8/17/84 gets pain under lower sternum at times when he starts to eat and has to wait a minute or so for relief and then continues to eat. pain goes down into both forearms at times — substantial pain [] 2— 3 mins, duration Had 5 attacks this morning . . . Suggest he see Dr Henderson because symptoms Suggest heart disease — He didn’t agree to suggestion

(style uncorrected). Based upon this and other information provided by the insured’s doctor, the defendant decided to deny the claim and return the premium to plaintiff. The application question in this case asked whether the insured had received or had been advised to receive medical advice or treatment for any condition of the heart during the six months prior to the application.

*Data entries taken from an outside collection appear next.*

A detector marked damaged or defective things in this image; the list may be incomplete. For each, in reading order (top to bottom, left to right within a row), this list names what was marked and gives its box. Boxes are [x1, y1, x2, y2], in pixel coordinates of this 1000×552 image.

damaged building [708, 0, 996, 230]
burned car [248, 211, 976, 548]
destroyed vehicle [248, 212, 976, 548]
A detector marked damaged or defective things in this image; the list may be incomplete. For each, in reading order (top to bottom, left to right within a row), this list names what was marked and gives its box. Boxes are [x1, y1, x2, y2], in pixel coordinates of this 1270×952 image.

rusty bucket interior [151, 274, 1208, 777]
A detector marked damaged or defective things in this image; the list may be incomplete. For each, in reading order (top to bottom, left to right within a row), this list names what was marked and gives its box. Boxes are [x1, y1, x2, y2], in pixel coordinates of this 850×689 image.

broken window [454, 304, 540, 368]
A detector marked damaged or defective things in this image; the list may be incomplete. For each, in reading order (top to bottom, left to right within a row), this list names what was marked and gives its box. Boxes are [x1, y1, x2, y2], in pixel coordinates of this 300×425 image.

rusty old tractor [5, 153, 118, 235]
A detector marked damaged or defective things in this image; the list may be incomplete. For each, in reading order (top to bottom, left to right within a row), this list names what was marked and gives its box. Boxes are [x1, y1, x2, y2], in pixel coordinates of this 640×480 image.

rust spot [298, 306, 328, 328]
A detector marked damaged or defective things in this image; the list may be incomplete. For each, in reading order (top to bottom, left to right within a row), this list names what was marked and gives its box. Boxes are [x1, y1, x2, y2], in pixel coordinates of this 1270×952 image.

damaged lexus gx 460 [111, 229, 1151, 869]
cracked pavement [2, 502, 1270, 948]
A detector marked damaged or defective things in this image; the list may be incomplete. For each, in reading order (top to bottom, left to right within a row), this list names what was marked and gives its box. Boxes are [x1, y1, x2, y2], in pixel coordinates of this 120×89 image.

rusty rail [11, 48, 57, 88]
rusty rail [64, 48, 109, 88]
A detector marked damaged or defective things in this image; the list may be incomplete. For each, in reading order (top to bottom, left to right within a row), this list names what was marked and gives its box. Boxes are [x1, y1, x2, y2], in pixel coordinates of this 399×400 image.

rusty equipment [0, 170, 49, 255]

We agree with the trial judge that these facts do not make out reckless or willful conduct. The bad faith claim, with its attendant request for punitive damages, was properly dismissed.

Reversed and remanded for a new trial. 
      
       The applicability of the statute was not raised by either party in the trial court. The statute covers all statements “in any application for a life insurance policy.” Id. Life insurance is defined in 8 V.S.A. § 3301(a)(1) as “insurance on human lives.” Credit life insurance is a subcategory of life insurance defined as “insurance on the life of a debtor pursuant to or in connection with a specific loan or other credit transaction.” 8 V.S.A. § 4103(1). While the Legislature has provided specific regulatory requirements for credit life insurance in view of its special purpose, the general regulatory statutes, like 8 V.S.A. § 3736, apply by their terms to credit life insurance.
     
      
       The punitive damages claim could be supported by a finding that defendant’s breach was so “willful and wanton or fraudulent” as to allow such an award under the general principles set forth in Hilder v. St. Peter, 144 Vt. 150, 163, 478 A.2d 202, 210 (1984). As noted in the text, however, the evidence doesn’t support such a finding.